Comparisons between groups reported for natural log transformed data in the subsequent row (log transformation performed to approximate normality)

After also adjusting for BMI Z-scores, all aforementioned differences persisted (p<0.08) at the radius and became more significant at the tibia (p<0.05).
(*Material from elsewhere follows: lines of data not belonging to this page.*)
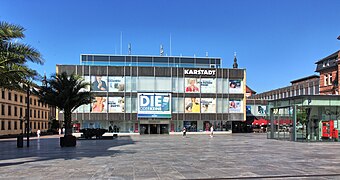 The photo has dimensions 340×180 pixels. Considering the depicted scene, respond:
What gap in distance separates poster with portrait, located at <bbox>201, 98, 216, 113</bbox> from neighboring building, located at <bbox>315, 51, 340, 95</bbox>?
66.4 ft

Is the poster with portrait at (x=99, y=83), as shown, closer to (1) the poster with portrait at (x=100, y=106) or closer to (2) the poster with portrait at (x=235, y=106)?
(1) the poster with portrait at (x=100, y=106)

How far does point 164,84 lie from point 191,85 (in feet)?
16.1

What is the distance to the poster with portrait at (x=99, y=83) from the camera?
60.0 meters

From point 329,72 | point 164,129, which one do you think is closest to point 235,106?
point 164,129

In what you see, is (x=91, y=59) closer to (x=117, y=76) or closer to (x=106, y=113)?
(x=117, y=76)

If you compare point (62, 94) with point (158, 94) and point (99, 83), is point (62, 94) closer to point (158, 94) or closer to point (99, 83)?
point (99, 83)

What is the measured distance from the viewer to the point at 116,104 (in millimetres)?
60531

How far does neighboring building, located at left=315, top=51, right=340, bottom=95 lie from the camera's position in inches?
2322

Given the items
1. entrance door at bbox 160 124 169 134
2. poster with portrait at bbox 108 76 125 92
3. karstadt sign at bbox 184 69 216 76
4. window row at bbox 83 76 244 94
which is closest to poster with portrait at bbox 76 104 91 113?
window row at bbox 83 76 244 94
After adjusting for physical activity, represented by the log-transformed metabolic equivalents estimated from the Oxford Physical Activity Questionnaire, the estimates of differences in stiffness and failure load were reduced. In an age-adjusted analysis of mediation by physical activity of the association between ASD status and bone strength estimates, total natural indirect effects were large but not statistically significant: 5.3 kN/mm (95% CI −15.5, 4.8 kN/mm; p=0.30) of the overall 13.0 kN/mm compressive stiffness deficit (41%) at the radius and 6.8 kN/mm (95% CI −22.4, 8.7; p=0.39) of the overall 27.0 kN/mm deficit (25%) at the tibia. For failure load, physical activity mediated −0.25 kN (95% CI −0.75, 0.24; p=0.31) of the overall 0.64 kN deficit (39%) in ASD vs. TDC at the radius and −0.31 kN (95% CI −1.06, 0.43; p=0.41) of the overall 1.39 kN deficit (22%) at the tibia.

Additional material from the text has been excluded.